What follows is a set of records. Retype them exactly, leaving out the pictures.

------------------------------------

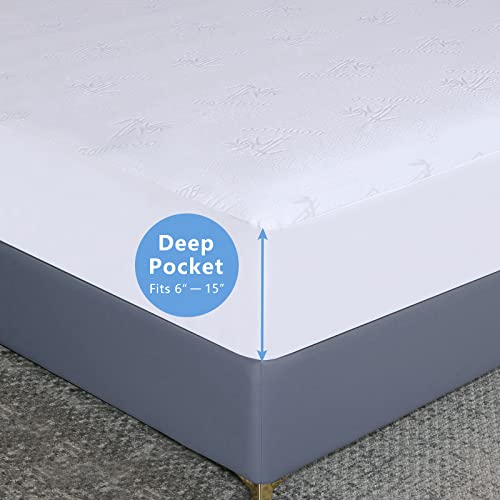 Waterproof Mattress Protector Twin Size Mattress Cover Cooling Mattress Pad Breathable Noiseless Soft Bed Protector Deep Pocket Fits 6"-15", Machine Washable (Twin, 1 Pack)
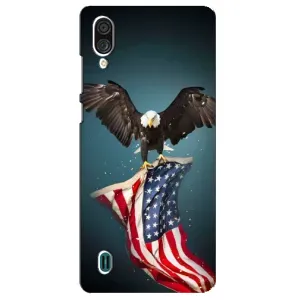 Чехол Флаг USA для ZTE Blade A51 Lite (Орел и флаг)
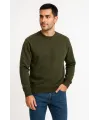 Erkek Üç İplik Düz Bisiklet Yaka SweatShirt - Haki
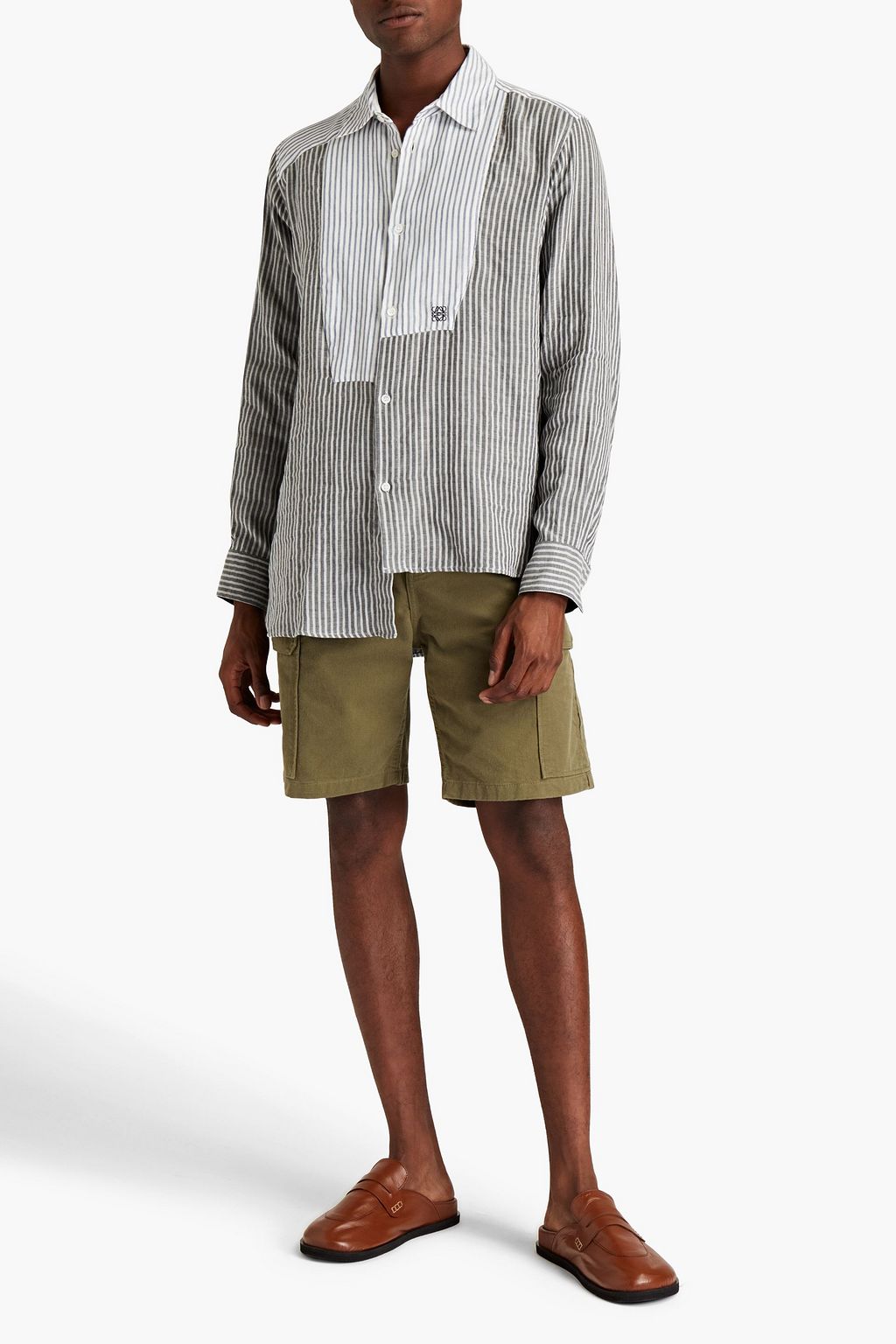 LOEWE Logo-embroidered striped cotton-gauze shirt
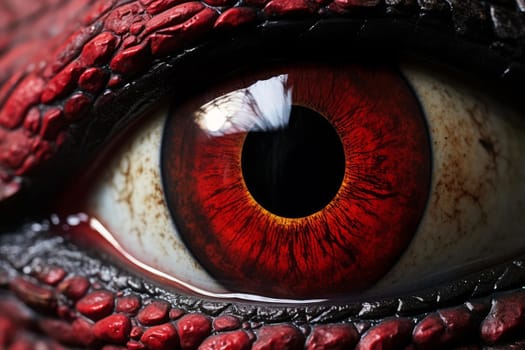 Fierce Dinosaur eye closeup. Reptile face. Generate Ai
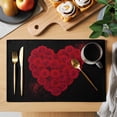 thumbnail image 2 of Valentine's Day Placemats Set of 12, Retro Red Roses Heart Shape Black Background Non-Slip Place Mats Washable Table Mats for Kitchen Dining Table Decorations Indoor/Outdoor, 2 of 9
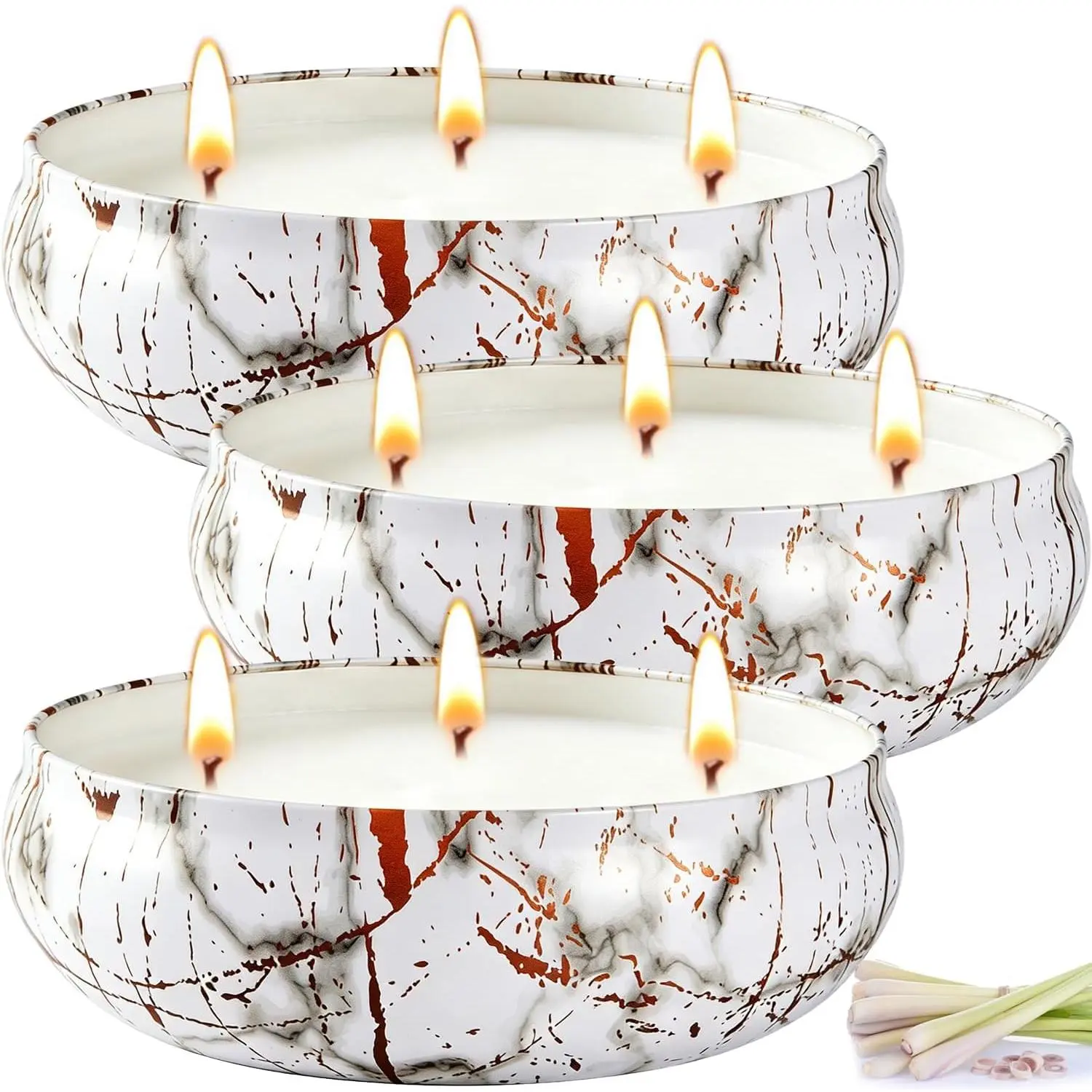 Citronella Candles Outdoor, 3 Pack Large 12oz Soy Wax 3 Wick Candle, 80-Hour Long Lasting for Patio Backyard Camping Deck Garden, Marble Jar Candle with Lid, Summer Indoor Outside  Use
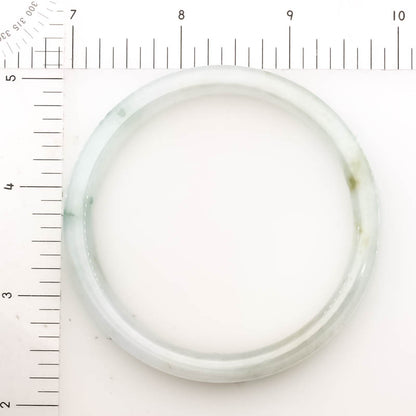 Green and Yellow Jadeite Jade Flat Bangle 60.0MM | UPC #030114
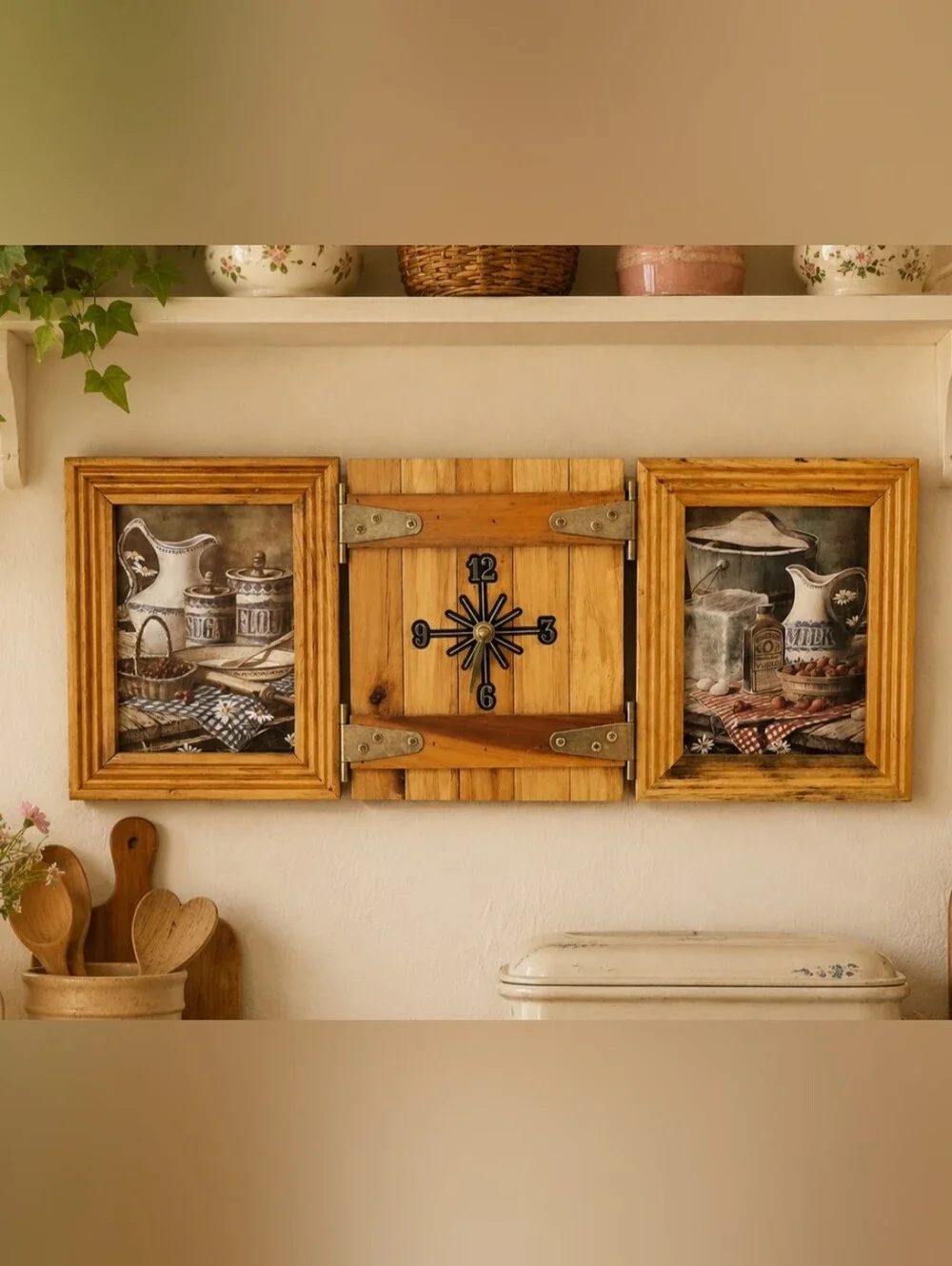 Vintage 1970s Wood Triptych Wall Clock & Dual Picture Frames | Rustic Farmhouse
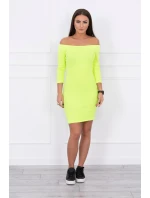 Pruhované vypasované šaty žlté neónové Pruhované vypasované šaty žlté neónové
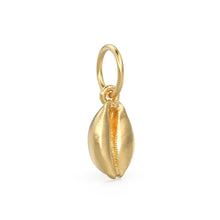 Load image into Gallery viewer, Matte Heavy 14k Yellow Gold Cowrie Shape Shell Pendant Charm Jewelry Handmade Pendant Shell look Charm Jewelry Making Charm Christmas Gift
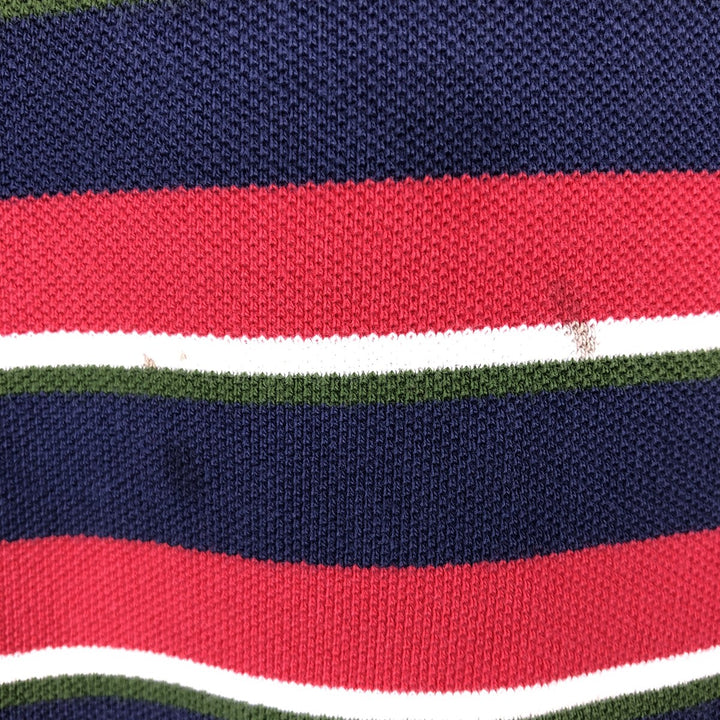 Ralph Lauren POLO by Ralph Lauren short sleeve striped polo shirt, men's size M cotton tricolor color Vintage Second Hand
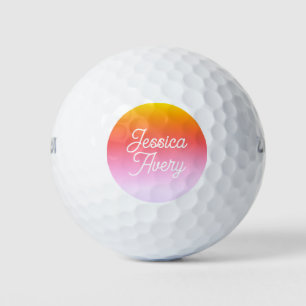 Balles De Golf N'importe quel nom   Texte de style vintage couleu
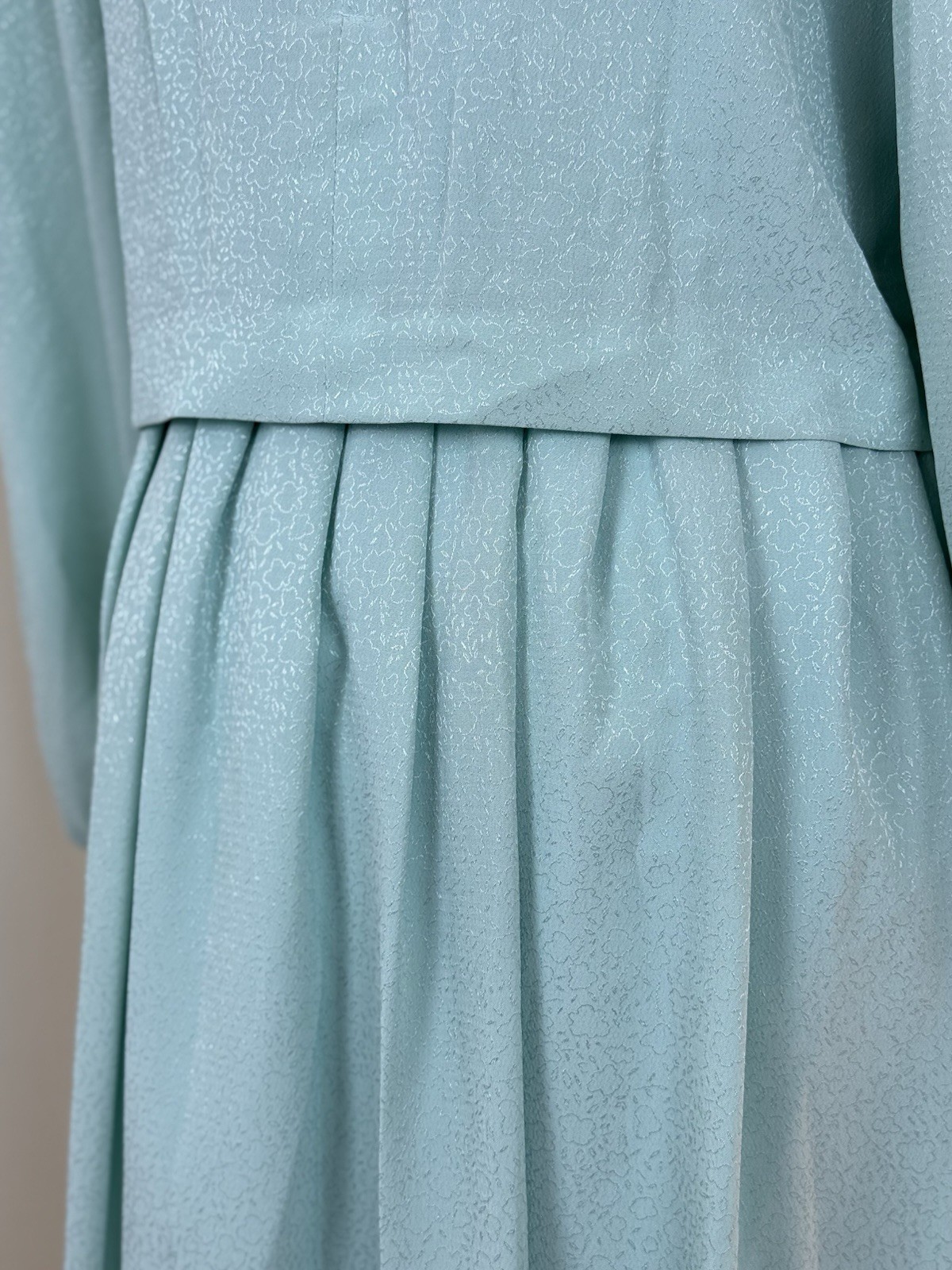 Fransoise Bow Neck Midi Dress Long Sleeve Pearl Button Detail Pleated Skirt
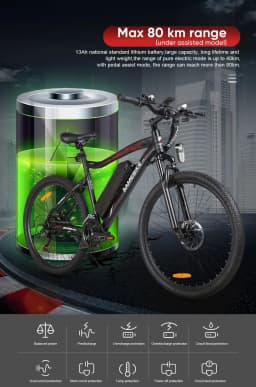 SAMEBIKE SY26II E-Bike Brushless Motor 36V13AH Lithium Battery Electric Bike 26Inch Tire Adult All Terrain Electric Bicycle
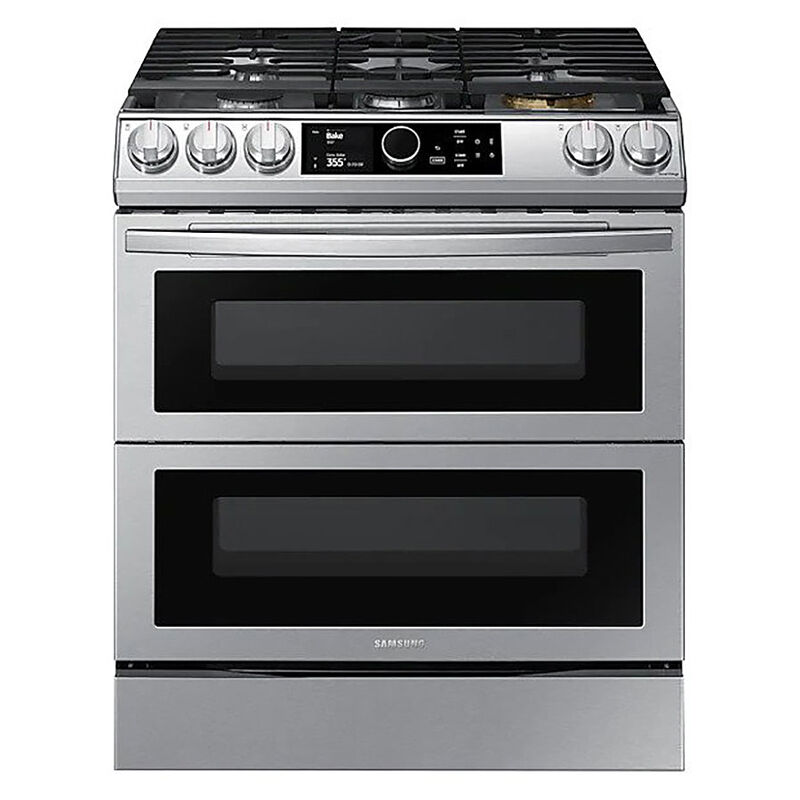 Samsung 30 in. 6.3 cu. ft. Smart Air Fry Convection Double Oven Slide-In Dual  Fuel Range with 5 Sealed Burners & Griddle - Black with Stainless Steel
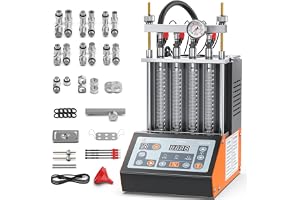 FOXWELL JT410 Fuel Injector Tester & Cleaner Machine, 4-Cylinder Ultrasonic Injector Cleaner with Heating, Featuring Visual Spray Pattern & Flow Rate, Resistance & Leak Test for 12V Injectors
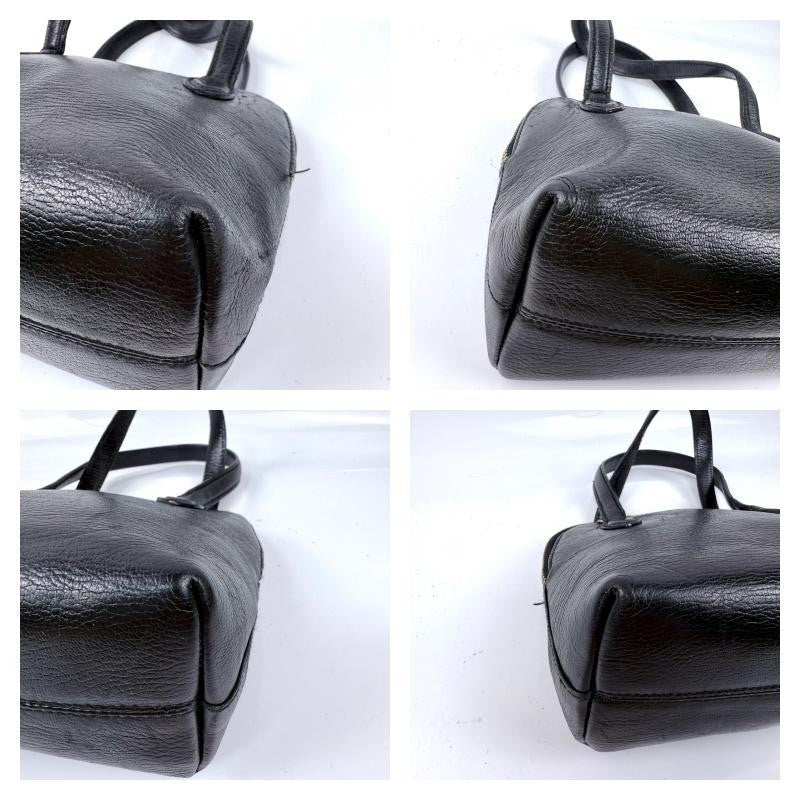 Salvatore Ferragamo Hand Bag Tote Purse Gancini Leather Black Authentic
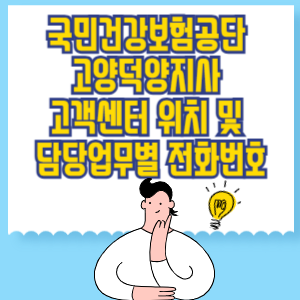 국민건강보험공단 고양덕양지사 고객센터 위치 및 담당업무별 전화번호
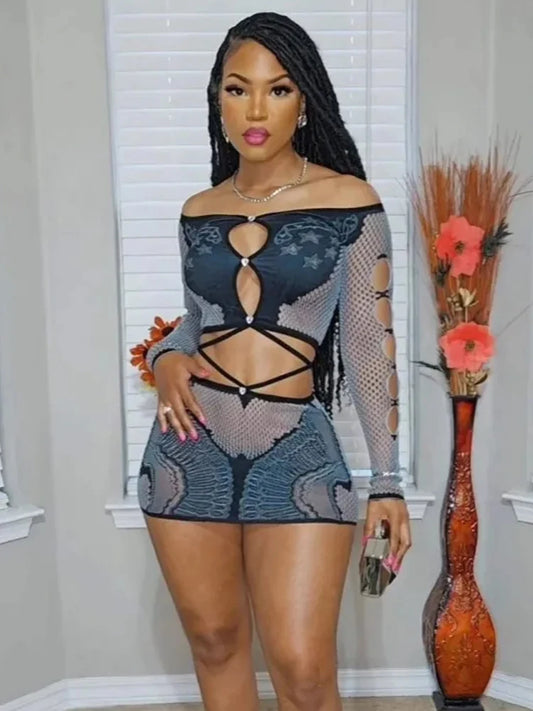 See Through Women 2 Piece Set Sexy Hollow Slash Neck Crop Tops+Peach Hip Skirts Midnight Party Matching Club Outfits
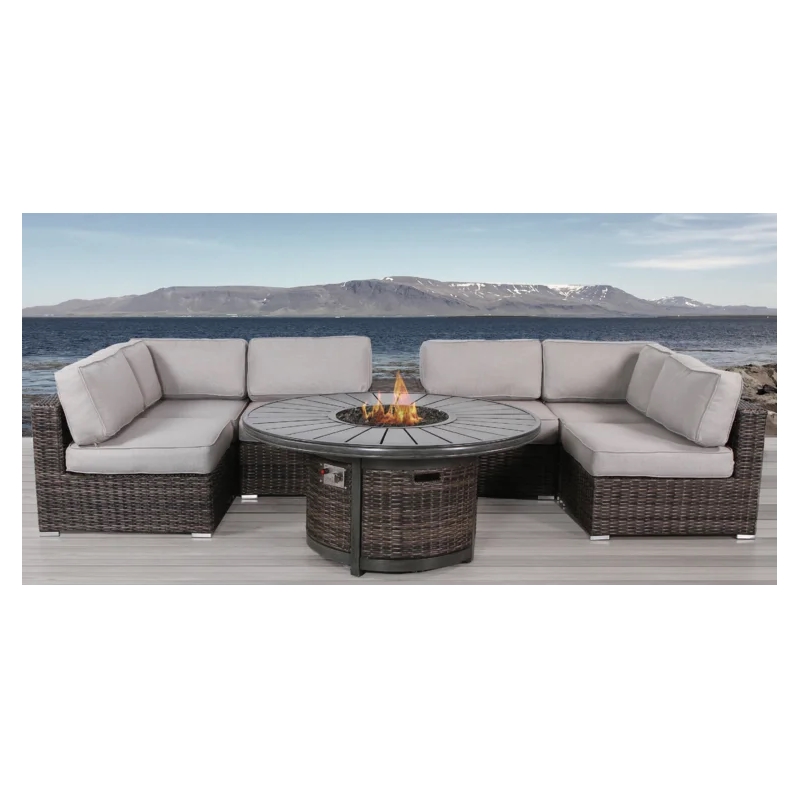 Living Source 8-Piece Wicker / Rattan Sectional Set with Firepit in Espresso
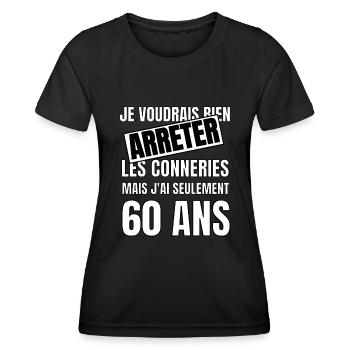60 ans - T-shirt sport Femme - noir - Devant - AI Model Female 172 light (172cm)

------------------------------------

### [Exercise output]
 Waterproof Mattress Protector Twin Size Mattress Cover Cooling Mattress Pad Breathable Noiseless Soft Bed Protector Deep Pocket Fits 6"-15", Machine Washable (Twin, 1 Pack)
 Чехол Флаг USA для ZTE Blade A51 Lite (Орел и флаг)
 Erkek Üç İplik Düz Bisiklet Yaka SweatShirt - Haki
 LOEWE Logo-embroidered striped cotton-gauze shirt
 Fierce Dinosaur eye closeup. Reptile face. Generate Ai
 thumbnail image 2 of Valentine's Day Placemats Set of 12, Retro Red Roses Heart Shape Black Background Non-Slip Place Mats Washable Table Mats for Kitchen Dining Table Decorations Indoor/Outdoor, 2 of 9
 Citronella Candles Outdoor, 3 Pack Large 12oz Soy Wax 3 Wick Candle, 80-Hour Long Lasting for Patio Backyard Camping Deck Garden, Marble Jar Candle with Lid, Summer Indoor Outside  Use
 Green and Yellow Jadeite Jade Flat Bangle 60.0MM | UPC #030114
 Vintage 1970s Wood Triptych Wall Clock & Dual Picture Frames | Rustic Farmhouse
 Pruhované vypasované šaty žlté neónové Pruhované vypasované šaty žlté neónové
 Load image into Gallery viewer, Matte Heavy 14k Yellow Gold Cowrie Shape Shell Pendant Charm Jewelry Handmade Pendant Shell look Charm Jewelry Making Charm Christmas Gift
 Ralph Lauren POLO by Ralph Lauren short sleeve striped polo shirt, men's size M cotton tricolor color Vintage Second Hand
 Balles De Golf N'importe quel nom   Texte de style vintage couleu
 Fransoise Bow Neck Midi Dress Long Sleeve Pearl Button Detail Pleated Skirt
 SAMEBIKE SY26II E-Bike Brushless Motor 36V13AH Lithium Battery Electric Bike 26Inch Tire Adult All Terrain Electric Bicycle
 Samsung 30 in. 6.3 cu. ft. Smart Air Fry Convection Double Oven Slide-In Dual  Fuel Range with 5 Sealed Burners & Griddle - Black with Stainless Steel
 FOXWELL JT410 Fuel Injector Tester & Cleaner Machine, 4-Cylinder Ultrasonic Injector Cleaner with Heating, Featuring Visual Spray Pattern & Flow Rate, Resistance & Leak Test for 12V Injectors
 Salvatore Ferragamo Hand Bag Tote Purse Gancini Leather Black Authentic
 국민건강보험공단 고양덕양지사 고객센터 위치 및 담당업무별 전화번호
 See Through Women 2 Piece Set Sexy Hollow Slash Neck Crop Tops+Peach Hip Skirts Midnight Party Matching Club Outfits
 Living Source 8-Piece Wicker / Rattan Sectional Set with Firepit in Espresso
60 ans - T-shirt sport Femme - noir - Devant - AI Model Female 172 light (172cm)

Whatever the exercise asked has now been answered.